In the records below, find the line that contains "Дом в аренду", then transcribe it and every later line exactly, stopping at the final line.

*** SUPPLIED DATA Section Begins ***

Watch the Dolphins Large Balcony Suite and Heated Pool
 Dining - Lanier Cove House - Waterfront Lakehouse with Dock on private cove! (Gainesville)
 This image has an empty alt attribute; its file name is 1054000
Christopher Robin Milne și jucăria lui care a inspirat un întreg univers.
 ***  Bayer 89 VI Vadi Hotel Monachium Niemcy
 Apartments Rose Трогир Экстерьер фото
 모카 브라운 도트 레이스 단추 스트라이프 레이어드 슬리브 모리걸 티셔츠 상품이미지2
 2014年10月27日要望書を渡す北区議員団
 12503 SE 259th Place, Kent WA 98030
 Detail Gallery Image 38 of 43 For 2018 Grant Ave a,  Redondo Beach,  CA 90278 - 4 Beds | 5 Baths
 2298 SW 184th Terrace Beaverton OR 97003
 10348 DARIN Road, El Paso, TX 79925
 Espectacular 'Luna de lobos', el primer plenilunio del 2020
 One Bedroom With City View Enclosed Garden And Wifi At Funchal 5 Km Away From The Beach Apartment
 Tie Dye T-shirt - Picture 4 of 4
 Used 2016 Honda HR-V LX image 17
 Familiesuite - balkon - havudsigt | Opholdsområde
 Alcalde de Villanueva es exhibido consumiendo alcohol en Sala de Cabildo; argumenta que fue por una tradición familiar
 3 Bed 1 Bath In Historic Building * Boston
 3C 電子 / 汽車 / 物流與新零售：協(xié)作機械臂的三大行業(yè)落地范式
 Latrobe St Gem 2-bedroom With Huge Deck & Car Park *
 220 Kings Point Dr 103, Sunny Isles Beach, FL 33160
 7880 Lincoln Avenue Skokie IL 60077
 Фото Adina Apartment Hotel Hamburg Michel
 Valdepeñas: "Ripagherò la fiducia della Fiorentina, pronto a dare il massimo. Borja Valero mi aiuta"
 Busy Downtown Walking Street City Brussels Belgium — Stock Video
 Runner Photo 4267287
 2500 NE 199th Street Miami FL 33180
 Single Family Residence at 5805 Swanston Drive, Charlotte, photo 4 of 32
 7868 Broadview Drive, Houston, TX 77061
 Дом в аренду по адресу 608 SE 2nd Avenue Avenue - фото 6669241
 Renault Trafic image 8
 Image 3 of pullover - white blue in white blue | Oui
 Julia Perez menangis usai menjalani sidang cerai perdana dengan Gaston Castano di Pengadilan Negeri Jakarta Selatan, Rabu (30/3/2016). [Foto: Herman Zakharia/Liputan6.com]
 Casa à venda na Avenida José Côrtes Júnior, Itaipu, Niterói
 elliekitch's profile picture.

*** SUPPLIED DATA Section Ends ***

■ YOUR RESPONSE:
 Дом в аренду по адресу 608 SE 2nd Avenue Avenue - фото 6669241
 Renault Trafic image 8
 Image 3 of pullover - white blue in white blue | Oui
 Julia Perez menangis usai menjalani sidang cerai perdana dengan Gaston Castano di Pengadilan Negeri Jakarta Selatan, Rabu (30/3/2016). [Foto: Herman Zakharia/Liputan6.com]
 Casa à venda na Avenida José Côrtes Júnior, Itaipu, Niterói
 elliekitch's profile picture.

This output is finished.